YOUR GOAL:
All the lines below should be set down exactly, with no picture carried into the copy.

DATASET CONTENT:
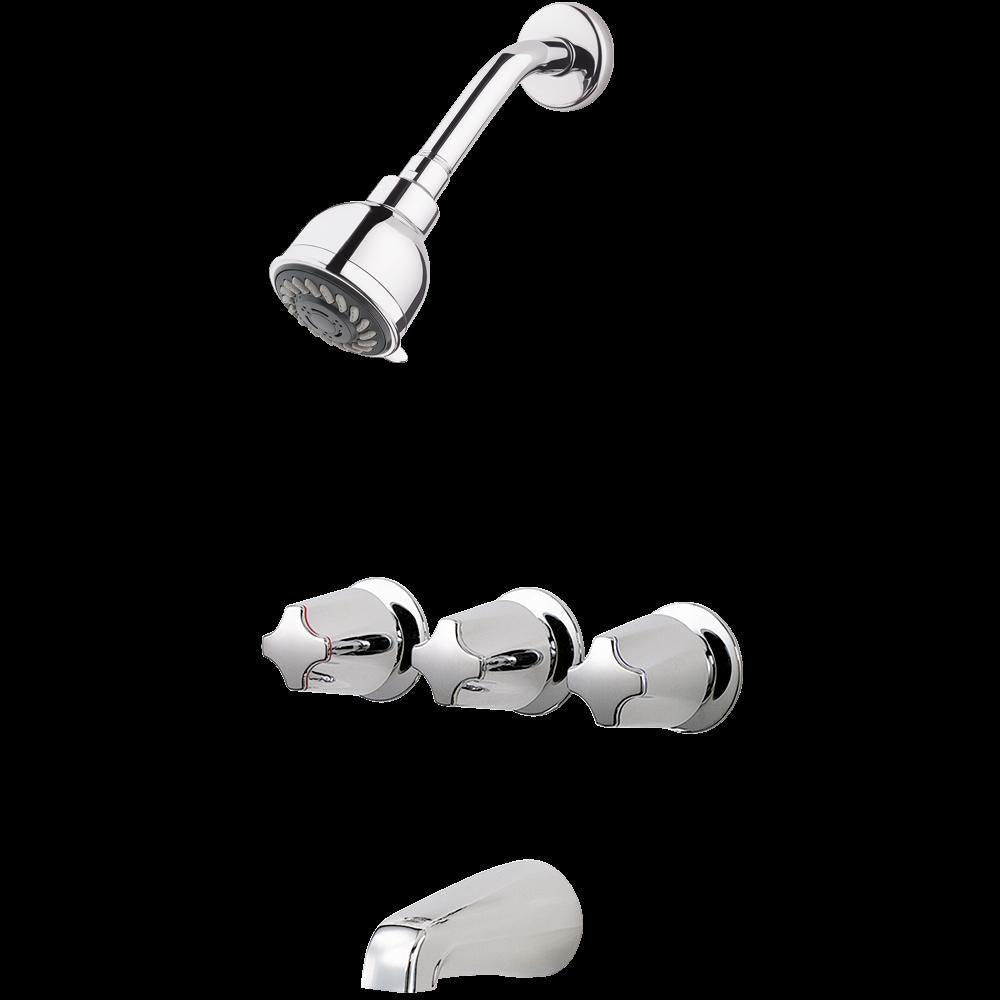Pfister 3-Handle Tub & Shower Faucet with Metal Knob Handles in Polished Chrome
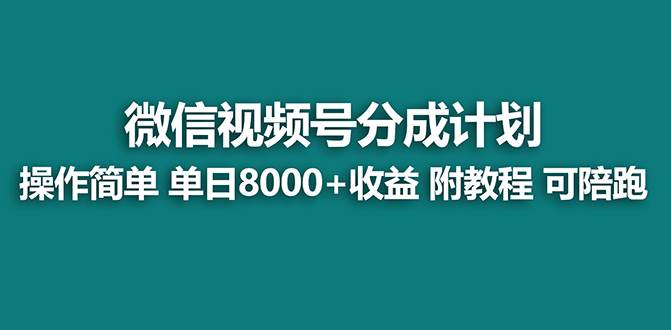 （8649期）【蓝海项目】视频号分成计划最新玩法，单天收益8000+，附玩法教程-云商网创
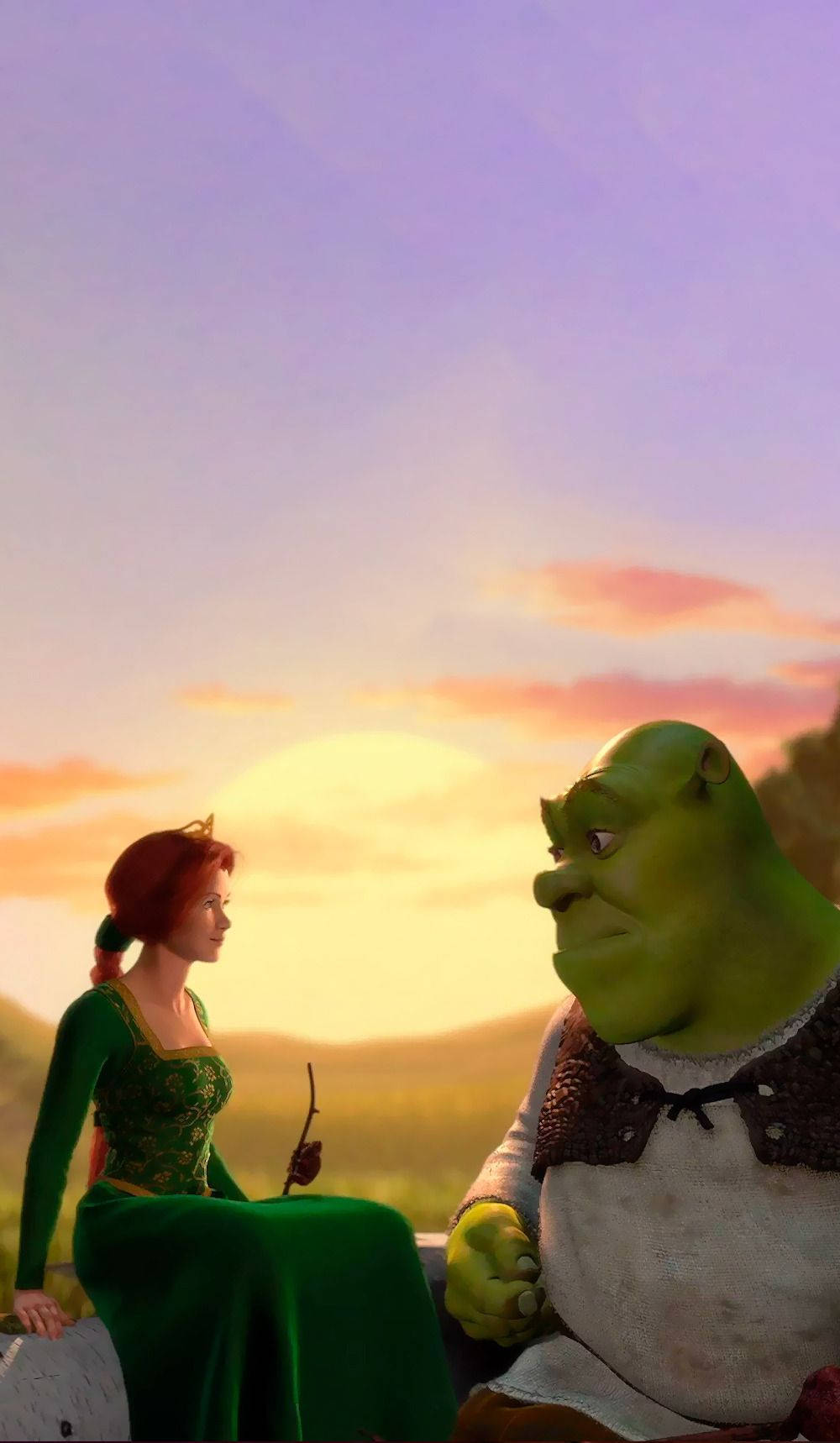 Shrek And Fiona Sunset Background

TASK RESPONSE:
Pfister 3-Handle Tub & Shower Faucet with Metal Knob Handles in Polished Chrome
 （8649期）【蓝海项目】视频号分成计划最新玩法，单天收益8000+，附玩法教程-云商网创
 Shrek And Fiona Sunset Background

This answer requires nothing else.